K-12 students returning to school this month face teacher shortages, pitched battles over curricula, and pandemic-era learning gaps, teachers and education officials explained at an August 18 briefing held by Ethnic Media Services. 

There are at least 36,500 vacant positions in the United States. (Courtesy photo)

Some 233,000 thousand public school teachers left the profession between 2019 and 2021 alone, according to a U.S. Government Accountability Office analysis, while 41 out of 50 states and two territories (D.C. and the Virgin Islands) report a shortage of teachers, particularly in STEM. 

 Dr. Tuan Nguyen, associate professor in the College of Education at Kansas State University, explained that “teacher supply, retention and shortage in the United States are pieces of the same puzzle,” comprising a Gordian knot of vacancy — whereby teaching positions are posted but unfilled — and underqualification — whereby states lower certification requirements to fill these positions, or have qualified teachers teach out-of-subject. 

 With a small team of researchers, Nguyen tracked teacher shortage data across states and found that, nationally, “There are at least 36,500 vacant positions in the United States and that’s nothing to say of underqualified teachers,” which he estimates at 160,000.  

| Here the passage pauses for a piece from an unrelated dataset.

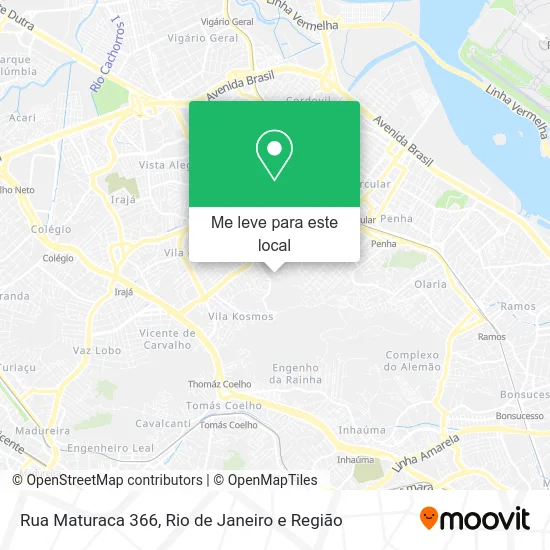 Rua Maturaca 366 mapa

Compounding this shortage are twin issues of teacher supply and retention. 

On the supply point, “There has been a substantial decline in people’s interest in becoming teachers,” said Nguyen. He cited a 40% decline from 700,000 teacher prep program enrollees in 2009, to 400,000 in 2015. 

 While this decline continues unchecked, the situation has become uniquely grim for teachers in the STEM fields of science, technology, engineering and math: in 2010 there were 32,000 teachers certified to teach STEM subjects; in 2019 there were 22,000. 

 Teachers who do enter the profession, meanwhile, are also leaving sooner and in larger numbers than in previous years. 

 Before the pandemic, explained Nguyen, about 8% of U.S. teachers left the profession annually, but since then the rate has skyrocketed nationally; current figures are, for example, 22% in Alaska, 12% in Arkansas and Illinois, and 12% in North and South Carolina. 

 Compounding the challenges confronting the nation’s public schools is the increasingly intense fight over curricula, including the growing wave of book bans nationwide. 

 Kasey Meehan, Freedom to Read program director at PEN America, said this replicable blueprint applies to the ongoing rise of book bans as well, which she called an “‘Ed scare’ campaign … interfering with students’ rights; undermining the role of teachers, librarians, professors, other educators and administrators … and sowing division within our communities.” 

 Meehan said 71% of books involved in book-banning efforts “are intended for young adult audiences or even younger.” PEN reports that the first half of the 2022-2023 school year alone saw “over 1,400 instances of individual books being banned. This equates to over 800 unique titles that are being removed from access for students in schools. This is an increase from the prior six months, and (in an upcoming September report) we expect to see increases in the next six months.” 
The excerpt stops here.